Q:  Is AWS Service Catalog support for Terraform open source or Terraform Cloud a managed service?

Partially. AWS supports the cataloging, sharing, and end-user access for Terraform products. You are responsible for making sure your Terraform open source or Terraform Cloud environment is ready and well-integrated with AWS Service Catalog. You also need to define a launch role with permissions to provision and tag all the resources associated with Terraform products.

Q: Can I connect AWS Service Catalog to my source code repository where my Terraform configurations are stored?

Yes. AWS Service Catalog allows you to sync products to template files that are managed through GitHub, GitHub Enterprise, or Bitbucket. Regardless of which repository is chosen, the template file format is still required to be a single file archived in Tar and compressed in Gzip. 

Q: How are my Terraform open source and Terraform Cloud product state files managed by AWS Service Catalog?

Each Terraform open source or Terraform Cloud product has a single state file, that is stored in the AWS account of your Terraform open source engine or Terraform Cloud engine in AWS S3 bucket. AWS Service Catalog administrators will see the list of state files, but they won’t be able to read or write their contents. Only your Terraform open source engine or Terraform Cloud Engine can read and write the contents of the state files.

Q: What is the price for using this feature?

This feature is priced the same as all other AWS Service Catalog features, at $0.0007 per API call after the first 1,000 calls in an account/region. To learn more, read here

AppRegistry

Q: What is AWS Service Catalog AppRegistry?

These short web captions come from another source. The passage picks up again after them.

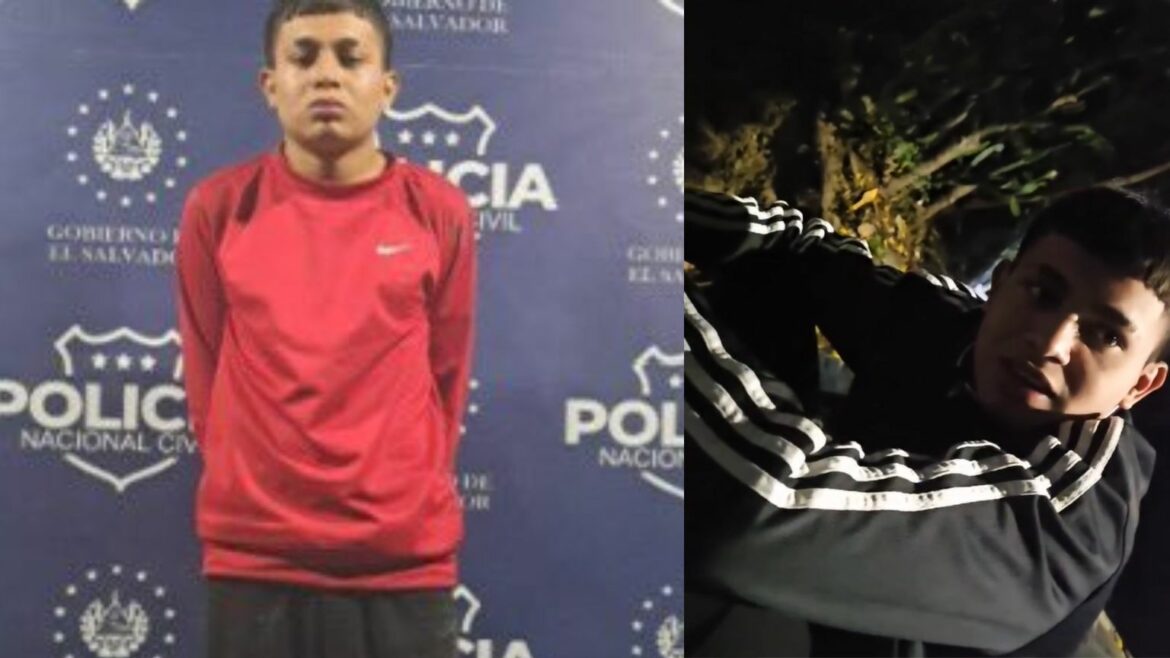 La PNC arrestó a un hombre que fue captado intimidando a una joven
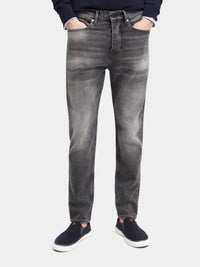 Drop tapered jeans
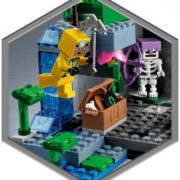 LEGO MINECRAFT Jeskyně kostlivců 21189 STAVEBNICE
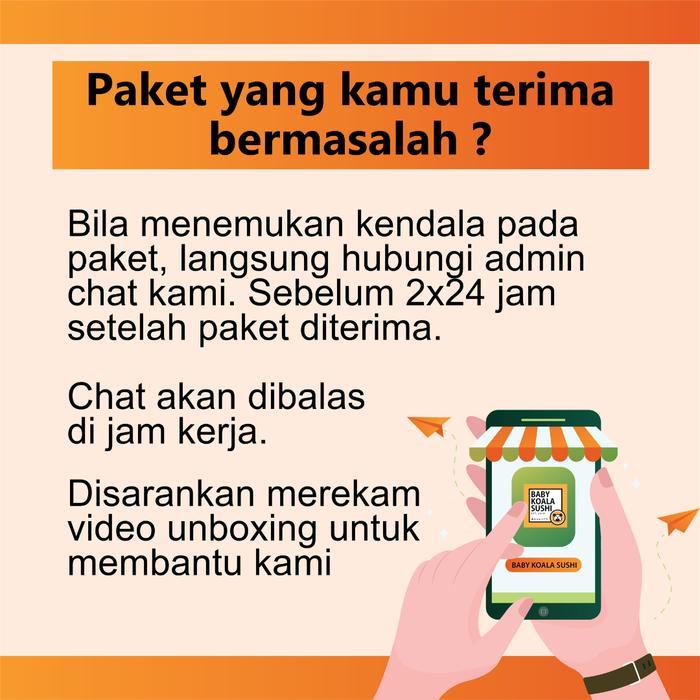 Cetakan Onigiri Maker Besar & Kecil Isi 2 Set Onigiri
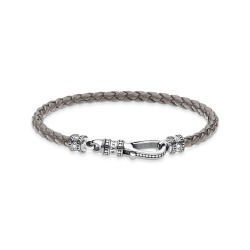 Thomas Sabo Lederarmband A2012-682-5-L19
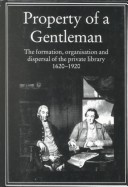 Book cover for Property of a Gentleman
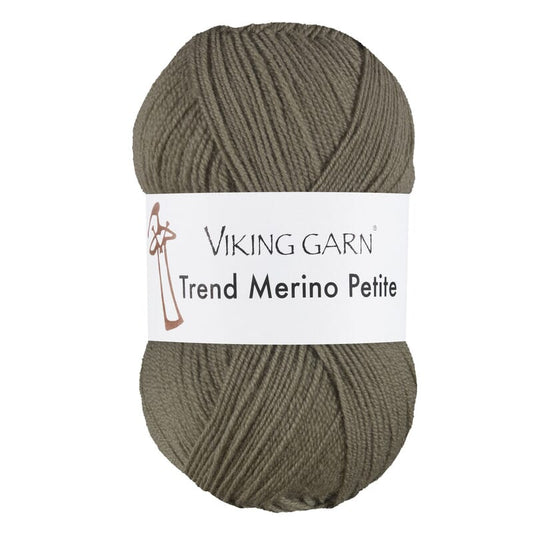 Viking garn Trend Merino Petite - 333 Oliven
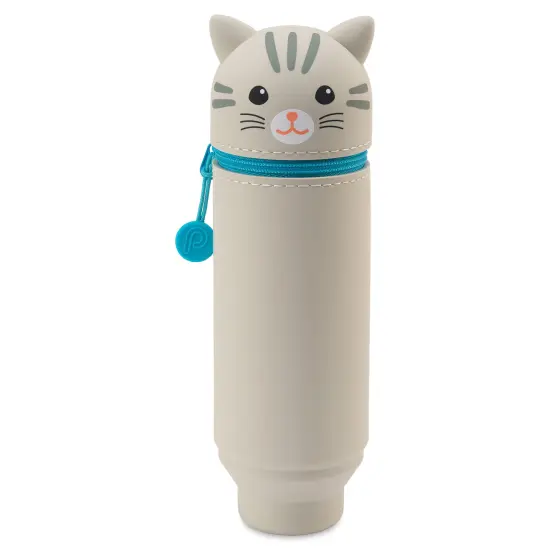 PuniLabo Stand Up Pen Case - American Short Hair Cat {1}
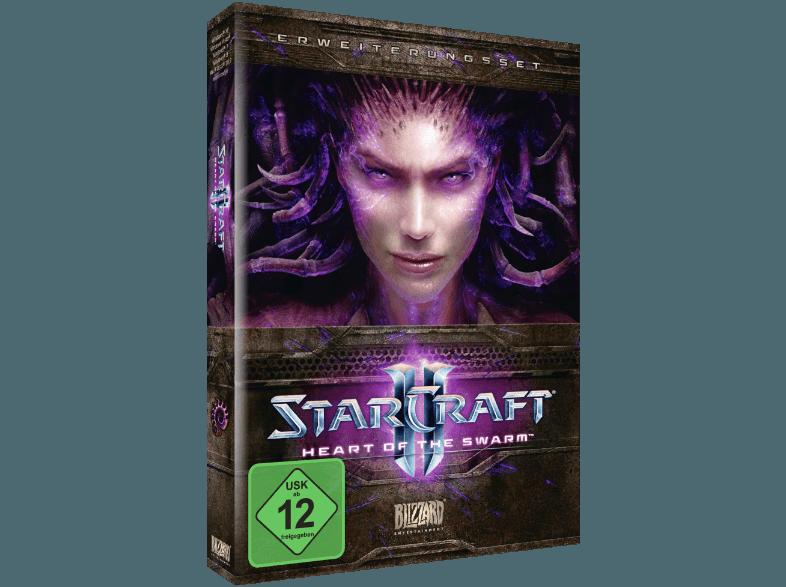 StarCraft 2: Heart Of The Swarm (Add-On) [PC]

AWS Service Catalog AppRegistry allows organizations to understand the application context of their AWS resources. AppRegistry provides a repository for the information that describes the applications and associated resources that you use within your enterprise.

Q: Who should use AWS Service Catalog AppRegistry?

AWS Service Catalog AppRegistry was developed for organizations that need a single, up-to-date, definition of applications within their AWS environment.

Q: What is an application?

AWS Service Catalog AppRegistry enables you to define your application including a name, description, the associated CloudFormation stacks, and the application metadata represented by Attribute Groups. The associated CloudFormation stacks represent all the resources required for the application. This might be the infrastructure required in a single environment, or it could also include the code repositories, pipelines, and IAM resources that support the application across all environments. Either existing or new CloudFormation Stacks can be associated to applications. New stacks can be associated to the application upon provisioning by including an association to the application with the stack’s CloudFormation template.

Q: What is an attribute group?

Attribute groups contain the application metadata that is important to your enterprise. Attribute groups include an open JSON schema, providing you the flexibility to capture complex enterprise metadata. Application attributes might include metadata such as the application security classification, organizational ownership, application type, cost center, and support information. Builders association attribute groups to their application. When attribute groups are updated, these updates are automatically reflected in all applications associated to the attribute group.

Q: In which Regions is AWS Service Catalog available?

For a full list of supported AWS Regions, see the AWS Region Table.

Q: Are APIs available? Can I use the CLI to access AWS Service Catalog AppRegistry?

Yes, a full set of API and CLI actions are available.